Fair warning: there will be some spoilers for the show.
For those of you who aren’t avid Trekkies, here’s a little background. Discovery takes place after Enterprise but before Star Trek the original series (TOS), primarily during the Federation/Klingon war. This means that the Federation and Starfleet are in place and decently stable, the Klingon Empire is not yet unified, and the Khitomer Accords aren’t even a gleam in old Curzon Dax’s eye yet. The first two episodes are, in fact, how the war begins.

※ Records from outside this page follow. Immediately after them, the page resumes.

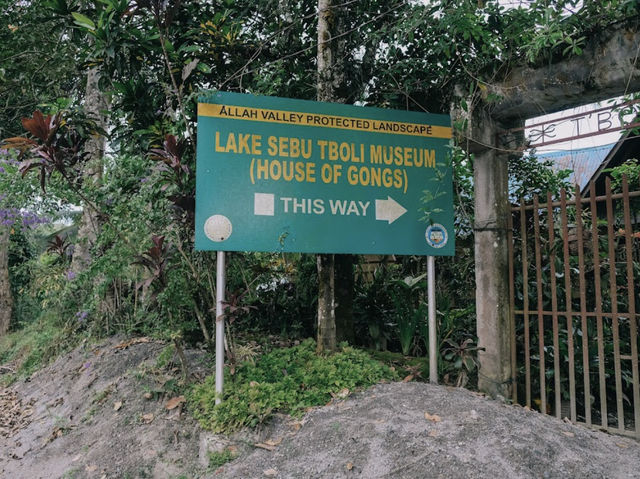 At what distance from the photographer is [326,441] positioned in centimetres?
323

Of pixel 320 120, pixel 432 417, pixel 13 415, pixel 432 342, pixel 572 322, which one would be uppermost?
pixel 320 120

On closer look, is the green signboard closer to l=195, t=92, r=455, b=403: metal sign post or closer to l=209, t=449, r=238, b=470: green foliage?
l=195, t=92, r=455, b=403: metal sign post

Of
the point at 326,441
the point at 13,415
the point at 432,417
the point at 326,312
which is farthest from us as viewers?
the point at 13,415

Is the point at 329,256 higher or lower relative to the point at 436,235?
lower

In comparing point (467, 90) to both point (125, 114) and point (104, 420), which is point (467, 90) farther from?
point (104, 420)

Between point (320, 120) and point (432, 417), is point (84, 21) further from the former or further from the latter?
point (432, 417)

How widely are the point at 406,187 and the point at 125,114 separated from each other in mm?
3128

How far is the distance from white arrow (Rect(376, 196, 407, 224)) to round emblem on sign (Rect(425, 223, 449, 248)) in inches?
12.1

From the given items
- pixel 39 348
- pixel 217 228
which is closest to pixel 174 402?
pixel 217 228

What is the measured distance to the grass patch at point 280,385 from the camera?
140 inches

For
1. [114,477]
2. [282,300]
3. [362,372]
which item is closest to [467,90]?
[362,372]

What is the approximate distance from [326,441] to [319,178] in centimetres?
209

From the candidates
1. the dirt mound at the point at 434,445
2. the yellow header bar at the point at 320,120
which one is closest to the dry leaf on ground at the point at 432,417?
the dirt mound at the point at 434,445

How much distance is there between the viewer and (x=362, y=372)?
4.01 meters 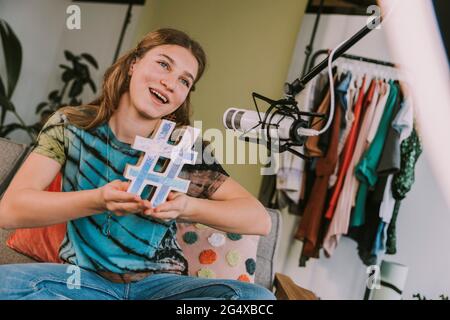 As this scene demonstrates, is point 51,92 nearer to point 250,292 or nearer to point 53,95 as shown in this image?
point 53,95

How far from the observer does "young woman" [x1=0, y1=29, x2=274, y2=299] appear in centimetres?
94

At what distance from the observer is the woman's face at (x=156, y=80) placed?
101 cm

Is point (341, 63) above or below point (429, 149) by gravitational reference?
above

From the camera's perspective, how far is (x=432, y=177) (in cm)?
145

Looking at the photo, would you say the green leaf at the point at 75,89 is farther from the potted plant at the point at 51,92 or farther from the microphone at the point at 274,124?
the microphone at the point at 274,124

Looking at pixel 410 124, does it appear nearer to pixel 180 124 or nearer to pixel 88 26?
pixel 180 124

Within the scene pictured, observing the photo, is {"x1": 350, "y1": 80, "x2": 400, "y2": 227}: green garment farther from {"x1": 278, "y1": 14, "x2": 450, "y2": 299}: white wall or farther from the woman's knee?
the woman's knee

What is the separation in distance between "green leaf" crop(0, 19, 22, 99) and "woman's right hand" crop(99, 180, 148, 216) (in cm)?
56

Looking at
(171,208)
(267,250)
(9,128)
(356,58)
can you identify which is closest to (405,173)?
(356,58)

Now we’re going to have to face facts here and call Discovery out on a few things right off the bat. Discovery is meant to fit neatly into the existing timeline, and that was a problem they could have avoided when deciding on a new Star Trek. Every series wants to create new technology or aliens to differentiate it from previous Star Treks. The Next Generation (TNG) had the holodecks, Deep Space Nine (DS9) had the wormhole and the Jem’Hadar, and Voyager had an entire quadrant of new aliens, not to mention temporal everything. I’m pretty sure Janeway beat Kirk in most time traveling incidents by the end.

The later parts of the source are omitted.